The bottom line is that most workers’ firms will be dominated by workers who will receive better benefits and, through the tax system, better subsidies through employer provided coverage than through newly created insurance exchanges. The strength of employee preferences may be hard to read in the short term, and some employers may seek immediate financial gain in benefit reduction as markets adjust to new circumstances. But over time, coverage reductions inevitably would make the workers that employers most want to keep worse off, and if those workers sought employment elsewhere as a result then the firm would be worse off as well.

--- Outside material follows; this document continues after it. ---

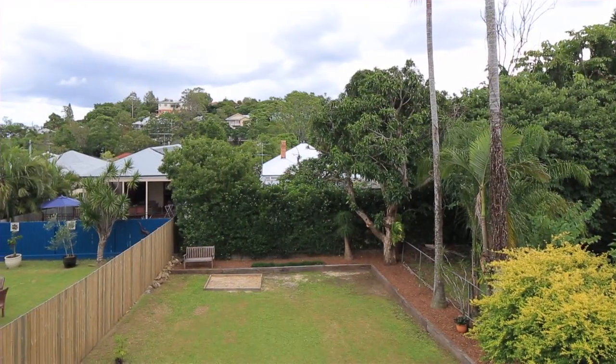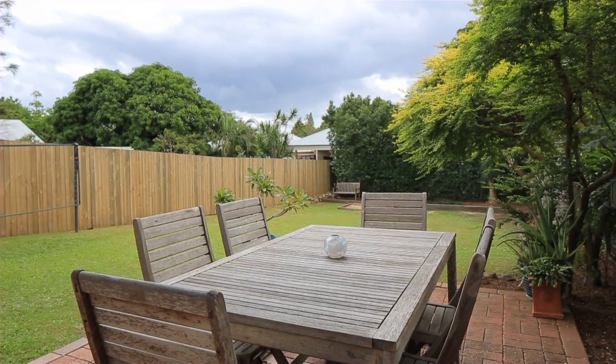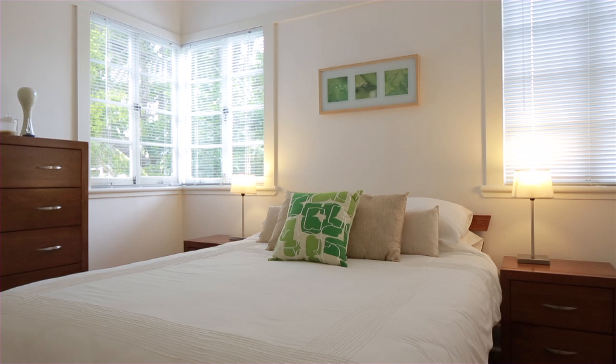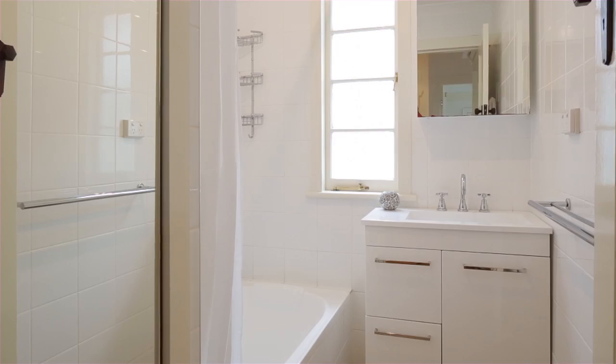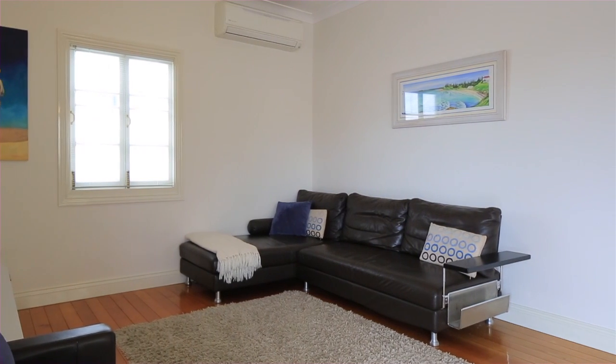Positioned with a leafy urban outlook, this home is three kilometres from Brisbane CBD, featuring open-plan living with modern kitchen, three bedrooms, one bathroom, air conditioning, timber flooring throughout, outdoor deck area, and single garage. This home is inviting from the moment you step through the front door.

It is therefore unlikely that large numbers of employers currently providing insurance coverage will change their decisions to offer it.



In general, if an employer drops coverage, better-paid workers will be worse off. Even if they receive higher cash wages to offset the loss, they will face taxes on these wages which, keeping overall compensation at the level of their value to the firm, will not be offset. Exchange benefits will also be unattractive, relative to employer provided benefits, for better-off earners. Exchange-based subsidies are limited to plans with an actuarial value no greater than 70 percent, a value much lower than provided by the typical ESI plan (85 percent).

The whole report is worth reading here. Generally, my take is that we’ve seen fluctuation in the employer health insurance market before reform and will continue to see changes as we move through implementation. But employers, who are very interested in controlling their health care costs, will likely continue to offer insurance for the forseeable future and when they don’t, Americans will have a sensible and affordable options to fall back on.